La masa molesta. Sobra gente. En función de la ideología, estorban los ricos o los pobres. Es curioso que los unos atraen a los otros. Viene esto a cuento de la polémica reforma de ley de extranjería con la que se pretende obligar a las comunidades autónomas a acoger a cierto número de menores inmigrantes no acompañados, a repartirse a estos muchachos que están invadiendo esencialmente Canarias, pero también otros lugares.

Las izquierdas promueven la distribución con el buenismo que las caracteriza; las derechas se oponen y defienden que el marrón se lo coman otros, y que se devuelva a sus países de origen a quienes crucen la frontera en situación irregular, a menudo con discursos que rozan o traspasan la xenofobia.

La realidad es que el sistema no está preparado para acoger a estos chicos, ni hay mucho interés en modificarlo para asegurarles un futuro, por lo que, sin recursos ni arraigo, se convierten en potenciales criminales.

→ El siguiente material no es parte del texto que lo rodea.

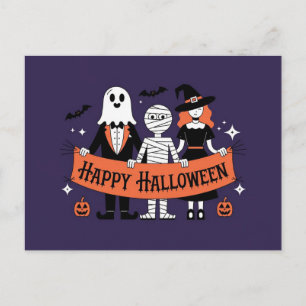 Glad Halloween Söt spöke, mumie och häxa Vykort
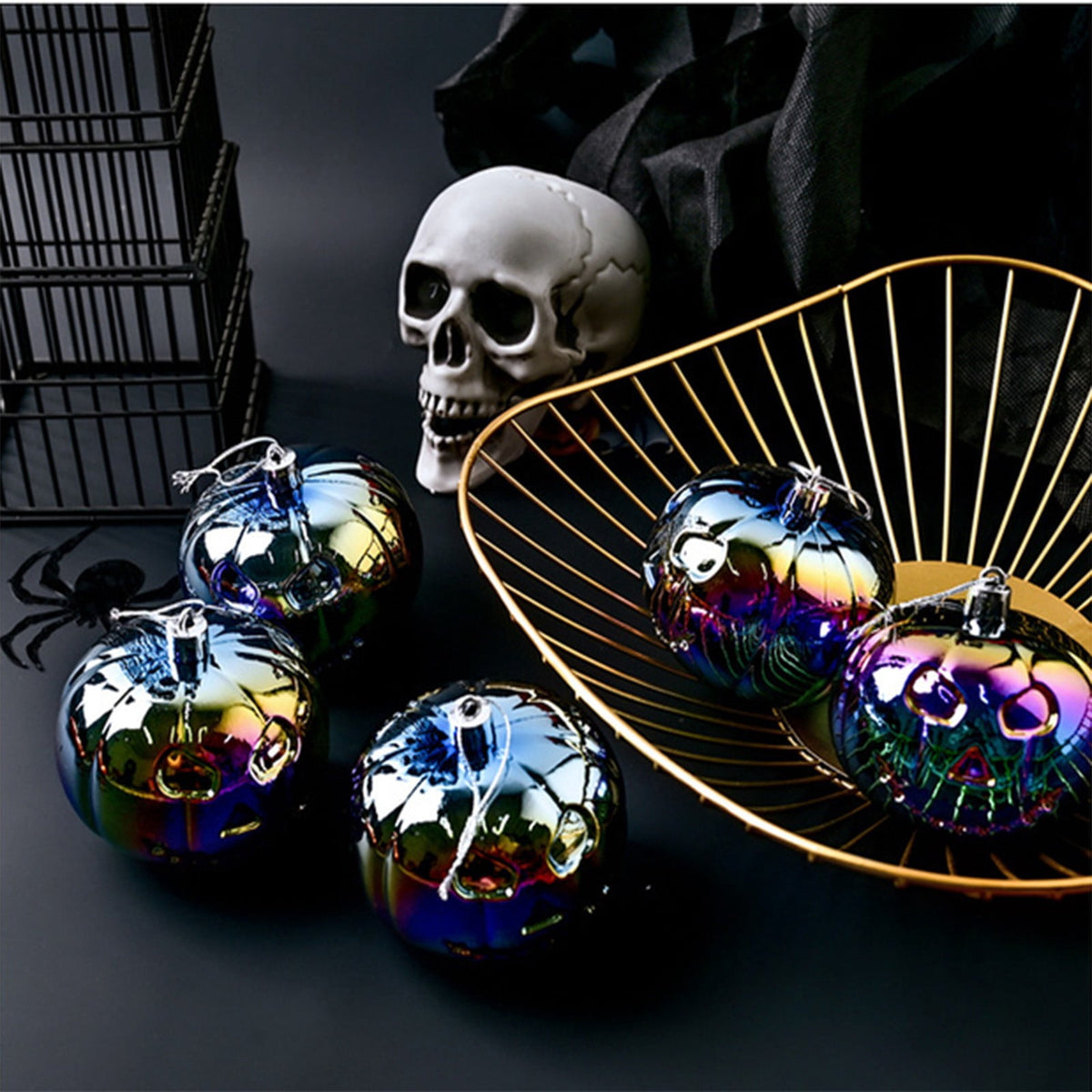1Pc Halloween Mini Pumpkin Branches Artificial Black Twigs Vase Fillers for Table Mantel Centerpiece Creepy Gothic Scary House Decor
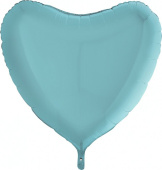 Шар фольга без рисунка 36" сердце Голубое Blue пастель GR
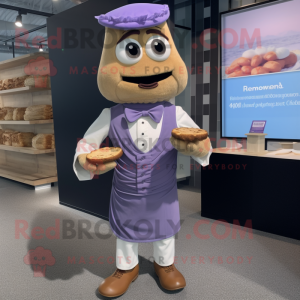 Lavender Croissant mascot costume character dressed with a Dress Shirt and Suspenders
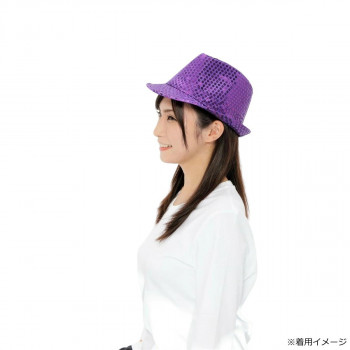 コスチューム　コスプレ衣装　帽子　スパンコールハット パープル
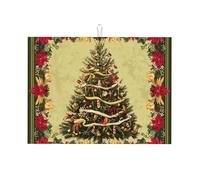 Tappetino scolapiatti assorbente con stella di Natale per bancone della cucina, albero di Natale, tappetino da caffè, scolapiatti con anello per appenderlo, 45,7 x 61 cm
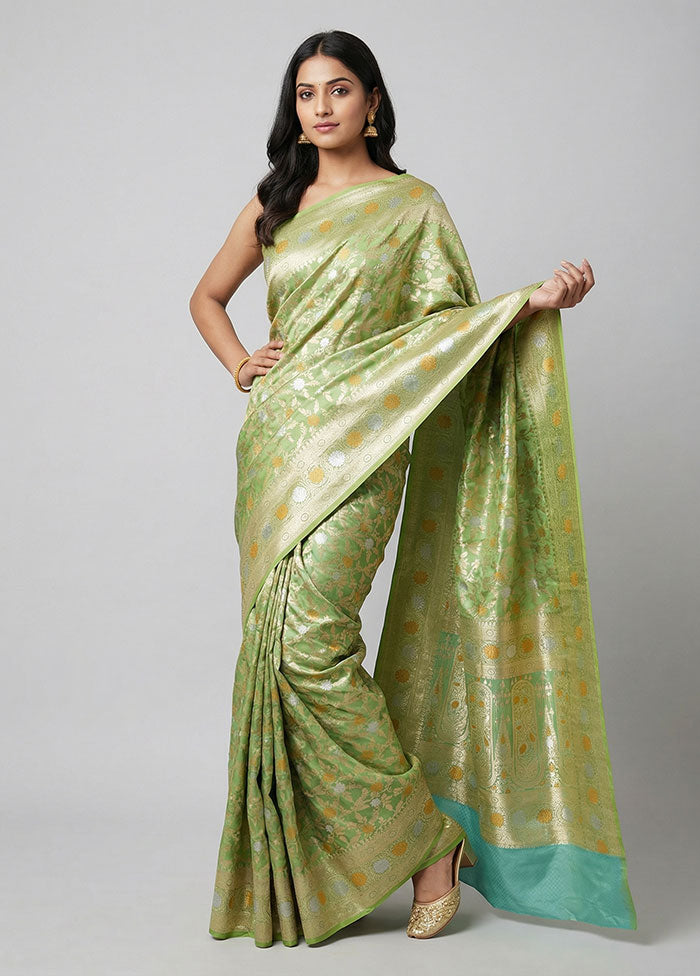 Green Handloom Katan Pure Silk Saree With Blouse Piece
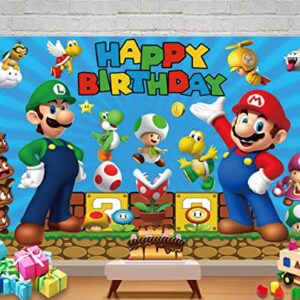 REAGTUGHT 7x5ft Happy Birthday Theme Backdrop Adventure Game Gold Coins Photo Backgrounds Cartoon Boys Children Baby Shower Banner Cake Table Decor Photo Shoot Props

Están en un limbo con acceso directo a los infiernos.

Y viene también a cuento la mención de las aglomeraciones ante la creciente corriente contra el turismo, la turismofobia. Aquí son las izquierdas las que abanderan la oposición a los visitantes en tropel –cuando, gracias a la democratización turística, estas mismas izquierdas pueden viajar adonde quieran–, tanto los que dejan dinero como los que nos traen su incivismo.

No los quieren, dicen, porque los responsabilizan de todos los males posibles, desde la suciedad de las calles hasta el encarecimiento de la vivienda y el desdibujamiento de los barrios, o el engorro que supone tener que cruzarte con tanto gentío, a menudo en condiciones patéticas o etílicas. Y tienen parte de razón.

Los humanos somos animales sociales, pero hasta cierto punto. La clave está en la convivencia, en respetar unas mínimas normas. Más allá de ideologías, lo que queremos todos es vivir en paz y relajados, con las necesidades cubiertas, con todas las comodidades a dos pasos de casa, sin hacer colas, sin pagar en exceso, con todo limpio, viajar por todo el mundo por cuatro duros, y sin riesgos de seguridad. Todo no se puede tener. Pero podemos poner el foco en la educación y en el endurecimiento de penas y sanciones a quienes nos hagan la vida más difícil. Sea de donde sea y venga de donde venga.